Interestingly, one of the measures of success for CPRT is levels of parental acceptance measured before and after the training. In other words, prior to the training parents are given an assessment to determine how much they accept their children. After the ten-week training, parents take the same assessment again and the scores are compared.
When I was writing up the results (which prove that an online version is just as effective for increasing parental acceptance as face-to-face!), I spent time looking into how parental acceptance was defined and measured. So, I realized what I need to do to express parental acceptance to my son, according to this assessment.
Here are the four ways that parental acceptance is defined and explained:
Respect for the child’s feelings and their right to express them.

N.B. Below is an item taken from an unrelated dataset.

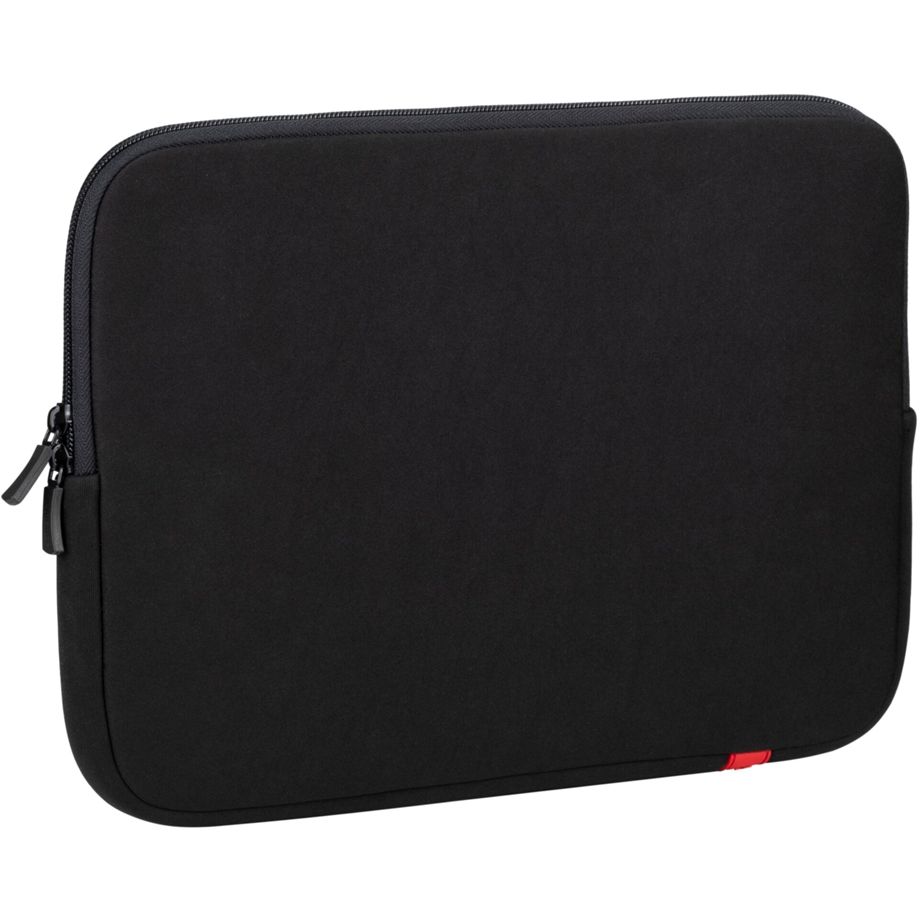 Sleeve para Laptop Rivacase 5126 / Preto_2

In this case, an accepting parent is one who does “not become emotionally disturbed because the child expresses negative feelings. He realizes that such feelings need to be expressed for the maintenance of good mental health.”
Appreciation for the child’s uniqueness.
In this category, an accepting parent is one who “allows the child to be different from every other child and feels all right about it and accepts the child’s limitations.”

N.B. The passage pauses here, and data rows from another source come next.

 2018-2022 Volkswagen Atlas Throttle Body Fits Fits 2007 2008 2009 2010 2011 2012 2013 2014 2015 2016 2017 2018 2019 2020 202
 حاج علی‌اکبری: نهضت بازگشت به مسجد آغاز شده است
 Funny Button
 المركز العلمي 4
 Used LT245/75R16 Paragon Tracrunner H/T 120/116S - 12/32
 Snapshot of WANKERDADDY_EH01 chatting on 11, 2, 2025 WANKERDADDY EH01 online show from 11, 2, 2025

Recognition of the child’s need for independence and autonomy.
In this case, an accepting parent is one who “allows and encourages the child to become increasingly independent and does not resist the growth toward independence.”
In this category, an accepting parent is one who “offers support and love at all time – shares his child’s joys and sorrows; supports him in failures as well as successes.”
This was especially interesting to think about the things that I do already that communicate acceptance, and how play therapy principles align with truly accepting your child. The beauty of raising my son from a play therapy parenting approach is that he hears messages of acceptance in everyday interactions without me trying.
Here are some examples:
Respect for the child’s feelings is expressed in reflective responding.
“I know you like hitting the ball.”
“You are really frustrated right now.”
“That made you so excited!”
“You must feel really upset to be acting that way.”
Appreciation for the child’s uniqueness is expressed in encouragement.
“I wonder what you think you are good at.”
“You can do something else if you don’t like that activity.”
“You know a lot about XXX, other children know a lot about other things.”
Recognition of the need for independence is expressed in allowing the child to struggle.
“I know that you can figure it out on your own.”
“You aren’t giving up until you get it.”
“You are working hard.”
“Even though you are frustrated, you keep trying.”
Unconditional love is expressed in limit setting and choice giving.
“I know that you are angry, but people are not for hitting. You can choose to hit your pillow instead.”
“You can choose to speak kindly to tell me why you are mad or you can choose to write it down and let me read it.”
“If you choose to finish your homework, you choose to play outside before dinner. If you choose not to finish your homework, you choose to have no playtime outside before dinner. Which do you choose?”
I am so encouraged that play therapy gives me simple and effective ways to communicate that I accept my son NO MATTER WHAT. If he is not as skilled in an area as other kids, we celebrate his strengths. If he expresses his anger in hurtful words, the feelings are acceptable and acknowledged, we just discuss another way to communicate his frustration. If he doesn’t want my help on something, or if he does but I know that he can do it, I let him work through the problem on his own.
All of these techniques are rooted in my play therapy training. And I love that I can be assured that he hears messages of acceptance every day, without having to make an intentional effort to. I hope that you begin using some of these phrases with your children and that they understand just how much you love and accept them on a daily basis, too!